Tennessee surprised me, however, with their offense. I expected us to really shut the run down, but they committed to the run, and were relatively effective - they gained over 100 yards on the ground. Their passing game was largely ineffective, however, despite our inability to rush the passer. Statistically, our pass rush was as good as Tennessee's, but Brady, on average, had much less time to throw than Erik Ainge. Ainge would routinely sit in the pocket for 7+ seconds, looking for a receiver. Despite all the time, however, he only completed 40% of his passes, and threw 2 picks.

Which brings me to what I really want to talk about - the overall complete game the Irish played. There were a couple of weaknesses, but overall the Irish executed well in all three phases of the game.

The Irish offense struggled statistically compared to what they've been able to do all year, but this is largely due to the Tennessee defense.

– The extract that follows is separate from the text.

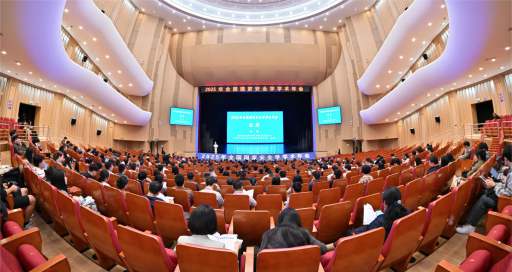 郑贤操带队参加2025年全国国家安全学学术年会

The offense did plenty, however, scoring three passing touchdowns and controlling the pace of the game.

A couple more passing records were broken - most touchdown passes in a season, most touchdown receptions in a season, and consecutive games with a touchdown reception. At this point, the only passing records that may be safe come year's end are: pass attempts in a game (in '67, 63 passes were thrown in one game - Charlie likes balance too much for that one to fall) and yards per attempt/completion (Charlie's offense uses short passes like other offenses use the running game). Other than that, Brady, Jeff, and the rest of the receiving corps will have the rest. This includes the records for quality and efficiency, not just the ones for quantity. For example, look at: season pass interception percentage (record: .016, 4 in 250 attempts; current: .013, 4 in 299 attempts) season completion percentage (record: .638, 118 of 185; current: .652, 195 of 299).

And did I mention we have three of our five weakest opponents ahead, with all of our tough opponents behind us?

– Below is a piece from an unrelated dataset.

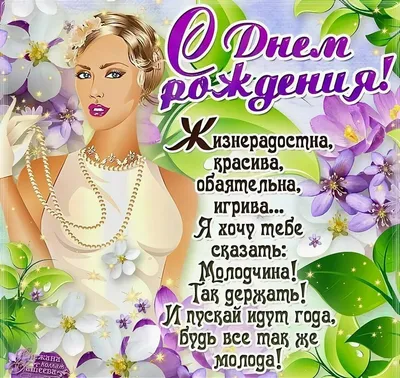 Открытки и картинки С Юбилеем женщине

The other phases of the Irish game were clicking on Saturday as well.

On defense, our pass rush was weak, but our secondary played as well as I've seen since the Holtz era. They were consistently glued to the receivers, and didn't give up the big play - the longest completion was 23 yards. We gave up a couple of long runs, but our pursuit was excellent, and they had no long scores. We had a fumble recovery, and two interceptions, one of which was returned by Zbikowski for a touchdown.

On special teams, we were great. Tennessee averaged a pitiful 4.7 yards per punt return, and only 21.7 on 8 kickoff returns. We averaged 23.3 per kick return, and a whopping 39.3 per punt return (helped by a spectacular 78-yd TD return by Zbikowski). We were perfect on field goals and PATs.

Yes, you read that correctly, Notre Dame scored a touchdown in all three phases of the game - offense, defense, and special teams.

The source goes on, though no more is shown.